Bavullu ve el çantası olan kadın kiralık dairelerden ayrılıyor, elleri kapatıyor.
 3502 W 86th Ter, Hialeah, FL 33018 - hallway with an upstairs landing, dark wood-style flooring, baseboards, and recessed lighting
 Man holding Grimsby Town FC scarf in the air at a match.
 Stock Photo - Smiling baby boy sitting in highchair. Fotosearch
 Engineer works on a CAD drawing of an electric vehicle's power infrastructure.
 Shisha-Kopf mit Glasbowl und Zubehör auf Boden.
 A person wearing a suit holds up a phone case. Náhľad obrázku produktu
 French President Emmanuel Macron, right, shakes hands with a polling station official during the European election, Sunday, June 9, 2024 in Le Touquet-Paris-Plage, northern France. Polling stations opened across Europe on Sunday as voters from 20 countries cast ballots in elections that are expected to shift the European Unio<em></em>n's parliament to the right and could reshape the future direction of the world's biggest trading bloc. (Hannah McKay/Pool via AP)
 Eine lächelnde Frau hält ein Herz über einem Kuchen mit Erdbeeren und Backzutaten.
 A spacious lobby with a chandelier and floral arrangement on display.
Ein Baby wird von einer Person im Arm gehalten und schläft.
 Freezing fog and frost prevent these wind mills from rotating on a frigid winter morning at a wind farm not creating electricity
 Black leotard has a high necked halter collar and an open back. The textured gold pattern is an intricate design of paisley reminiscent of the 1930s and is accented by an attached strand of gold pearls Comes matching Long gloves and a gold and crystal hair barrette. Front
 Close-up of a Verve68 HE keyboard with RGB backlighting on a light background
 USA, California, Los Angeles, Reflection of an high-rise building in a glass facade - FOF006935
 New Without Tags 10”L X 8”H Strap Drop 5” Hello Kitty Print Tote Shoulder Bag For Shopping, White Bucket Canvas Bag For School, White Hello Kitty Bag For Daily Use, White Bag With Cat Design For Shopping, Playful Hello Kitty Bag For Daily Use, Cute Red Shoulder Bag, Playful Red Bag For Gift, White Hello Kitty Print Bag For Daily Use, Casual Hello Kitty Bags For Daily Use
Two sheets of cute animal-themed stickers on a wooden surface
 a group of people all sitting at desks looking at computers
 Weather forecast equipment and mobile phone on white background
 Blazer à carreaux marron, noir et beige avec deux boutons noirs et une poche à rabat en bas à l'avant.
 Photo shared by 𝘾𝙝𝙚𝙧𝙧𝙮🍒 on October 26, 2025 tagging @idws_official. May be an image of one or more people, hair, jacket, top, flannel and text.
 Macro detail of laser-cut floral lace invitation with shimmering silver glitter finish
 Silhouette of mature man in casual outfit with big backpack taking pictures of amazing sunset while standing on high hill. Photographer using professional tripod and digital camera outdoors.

# Your task:
From where "Two sheets of" appears to the last line of the listing above, please write out every line exactly; leave out the rest.

# Output of the exercise:
Two sheets of cute animal-themed stickers on a wooden surface
 a group of people all sitting at desks looking at computers
 Weather forecast equipment and mobile phone on white background
 Blazer à carreaux marron, noir et beige avec deux boutons noirs et une poche à rabat en bas à l'avant.
 Photo shared by 𝘾𝙝𝙚𝙧𝙧𝙮🍒 on October 26, 2025 tagging @idws_official. May be an image of one or more people, hair, jacket, top, flannel and text.
 Macro detail of laser-cut floral lace invitation with shimmering silver glitter finish
 Silhouette of mature man in casual outfit with big backpack taking pictures of amazing sunset while standing on high hill. Photographer using professional tripod and digital camera outdoors.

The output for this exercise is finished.